If the obstetrician detects anything worrisome during the exam, or if you bring up a complaint that requires additional investigation, like unusual pain or bleeding, the billing code for your visit may change from routine to diagnostic because the doctor needs to figure out the problem. They may have to order some extra tests. This diagnostic prenatal care is generally not required to be covered by insurance with no cost sharing. You may be responsible for copays, coinsurance or payments toward your deductible, depending on the structure of your health insurance plan.
The cost of routine screening tests during pregnancy
The health care law requires certain specific screening tests for pregnant women to be covered by insurance plans with no cost sharing. These will generally be done as part of your regularly scheduled prenatal visits, often through bloodwork or urine tests.

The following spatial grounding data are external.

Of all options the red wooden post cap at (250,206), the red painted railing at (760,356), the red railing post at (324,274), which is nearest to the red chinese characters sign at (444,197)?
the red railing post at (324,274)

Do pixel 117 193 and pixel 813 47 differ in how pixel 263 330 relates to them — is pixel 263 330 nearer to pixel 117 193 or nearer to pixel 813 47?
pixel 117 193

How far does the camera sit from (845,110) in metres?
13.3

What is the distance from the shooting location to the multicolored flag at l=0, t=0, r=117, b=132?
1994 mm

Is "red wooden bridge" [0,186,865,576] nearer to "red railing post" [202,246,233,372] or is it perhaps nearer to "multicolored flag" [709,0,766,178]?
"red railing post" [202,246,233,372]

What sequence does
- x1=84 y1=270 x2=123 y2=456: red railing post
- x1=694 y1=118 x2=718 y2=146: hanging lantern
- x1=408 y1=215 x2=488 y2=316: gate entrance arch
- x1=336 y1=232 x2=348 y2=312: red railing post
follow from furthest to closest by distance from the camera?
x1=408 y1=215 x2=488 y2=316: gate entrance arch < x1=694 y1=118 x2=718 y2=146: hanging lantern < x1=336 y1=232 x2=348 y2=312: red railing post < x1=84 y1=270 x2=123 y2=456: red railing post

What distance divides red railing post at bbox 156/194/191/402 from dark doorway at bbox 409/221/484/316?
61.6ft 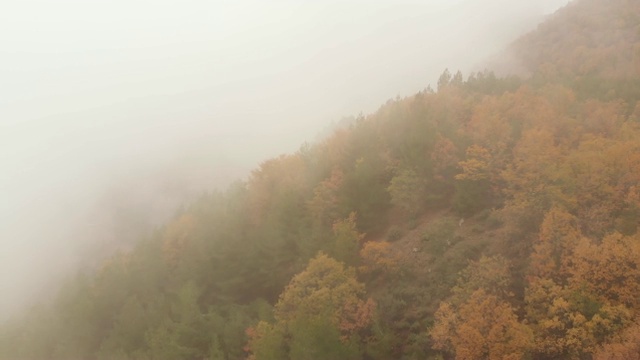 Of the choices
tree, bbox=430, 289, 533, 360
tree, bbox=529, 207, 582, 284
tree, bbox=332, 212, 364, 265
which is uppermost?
tree, bbox=332, 212, 364, 265

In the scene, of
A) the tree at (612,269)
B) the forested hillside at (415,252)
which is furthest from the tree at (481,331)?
the tree at (612,269)

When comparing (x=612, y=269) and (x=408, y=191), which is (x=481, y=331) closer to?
(x=612, y=269)

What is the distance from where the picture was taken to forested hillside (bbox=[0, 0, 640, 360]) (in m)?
33.4

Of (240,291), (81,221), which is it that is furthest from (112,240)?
(240,291)

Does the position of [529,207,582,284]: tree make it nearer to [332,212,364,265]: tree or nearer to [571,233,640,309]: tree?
[571,233,640,309]: tree

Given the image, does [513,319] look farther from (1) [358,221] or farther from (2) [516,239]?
(1) [358,221]

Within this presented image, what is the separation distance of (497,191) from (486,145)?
24.9ft

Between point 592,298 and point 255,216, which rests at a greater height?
point 255,216

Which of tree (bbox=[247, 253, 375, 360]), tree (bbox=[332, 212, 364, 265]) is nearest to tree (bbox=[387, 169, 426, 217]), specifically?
tree (bbox=[332, 212, 364, 265])

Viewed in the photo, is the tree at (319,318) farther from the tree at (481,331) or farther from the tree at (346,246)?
the tree at (481,331)

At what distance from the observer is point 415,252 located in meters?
46.4

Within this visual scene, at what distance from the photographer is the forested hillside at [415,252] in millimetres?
33375

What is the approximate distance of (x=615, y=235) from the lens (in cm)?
3359

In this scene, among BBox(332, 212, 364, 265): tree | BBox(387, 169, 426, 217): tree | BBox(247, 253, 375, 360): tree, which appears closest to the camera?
BBox(247, 253, 375, 360): tree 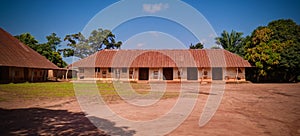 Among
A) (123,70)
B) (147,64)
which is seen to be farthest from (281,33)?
(123,70)

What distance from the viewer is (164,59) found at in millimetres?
27109

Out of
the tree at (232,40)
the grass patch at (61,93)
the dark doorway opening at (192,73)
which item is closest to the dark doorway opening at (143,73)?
the dark doorway opening at (192,73)

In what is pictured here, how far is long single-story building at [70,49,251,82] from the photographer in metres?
25.8

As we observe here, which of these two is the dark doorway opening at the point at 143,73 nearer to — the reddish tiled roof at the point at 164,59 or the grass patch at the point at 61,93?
the reddish tiled roof at the point at 164,59

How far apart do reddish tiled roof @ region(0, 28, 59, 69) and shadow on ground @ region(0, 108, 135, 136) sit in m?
14.3

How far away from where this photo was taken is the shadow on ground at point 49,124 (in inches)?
194

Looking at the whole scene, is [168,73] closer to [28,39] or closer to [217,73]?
[217,73]

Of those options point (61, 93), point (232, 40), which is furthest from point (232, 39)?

The free routine screening tests covered by your health insurance plan should include but are not limited to:
- Anemia screening
- Bacteriuria urinary tract or other infection screening
- Rh incompatibility screening and follow-up testing for women at higher risk
- Hepatitis B screening at your first prenatal visit
- Gestational diabetes screening when you're 24 to 28 weeks pregnant or at other times if you are at high risk of developing this condition
- Syphilis screening
You can also get — fully covered — the screenings and services that are available to all women, such as tests for HPV, cervical cancer, HIV, gonorrhea and chlamydia, as well as counseling for things like domestic violence and tobacco use.
Screening tests that aren't mandated by the Affordable Care Act may lead to out-of-pocket payments from you, based on your insurance plan's cost-sharing structure.
If you have a pregnancy with no complaints or complications, you might end up with free prenatal care, as long as you also have a generous insurance plan and you stay within your network. Everyone else will probably have some out-of-pocket costs, like copays or coinsurance for bloodwork or ultrasounds, or even the full costs of various tests up to your deductible. In addition, most new parents can expect a big bill for the cost of labor and delivery.
Prenatal care without health insurance
If you're pregnant with no health insurance, now would be a really good time to see if you can get it. Pregnancy is a common event, but it's also incredibly expensive. The average cost of having a baby in 2010, including prenatal care, vaginal delivery and the first three months of newborn medical care, was about $30,000, according to a 2013 Truven Health Analytics Marketscan Study. For cesarean sections (also known as C-sections), it was about $50,000.
For those who don't have access to health insurance through an employer or parent, consider buying an individual policy on your state's marketplace or the federal exchange. You can only sign up for coverage during the open enrollment period, unless you experience a qualifying event, like losing your insurance, moving to a new state or getting married.
Beware: Getting pregnant is not a qualifying event for health insurance. Consumer groups and federal legislators have been advocating to add a special enrollment period for pregnant women, to ensure their access to prenatal care. However, opponents worry this would create an incentive for women to forego insurance until they need it for their pregnancy costs.
One option for many expecting mothers is Medicaid or a state-sponsored program. Many states loosen their income requirements for pregnant women to offer them free health insurance.
Even if you don't have health insurance, you should get prenatal care for the sake of your health and that of your baby. Children born to mothers who didn't get prenatal care are five times more likely to die compared to infants born to mothers who did go to the doctor regularly while pregnant. And mothers are three to four times more likely to die if they didn't receive this important medical attention.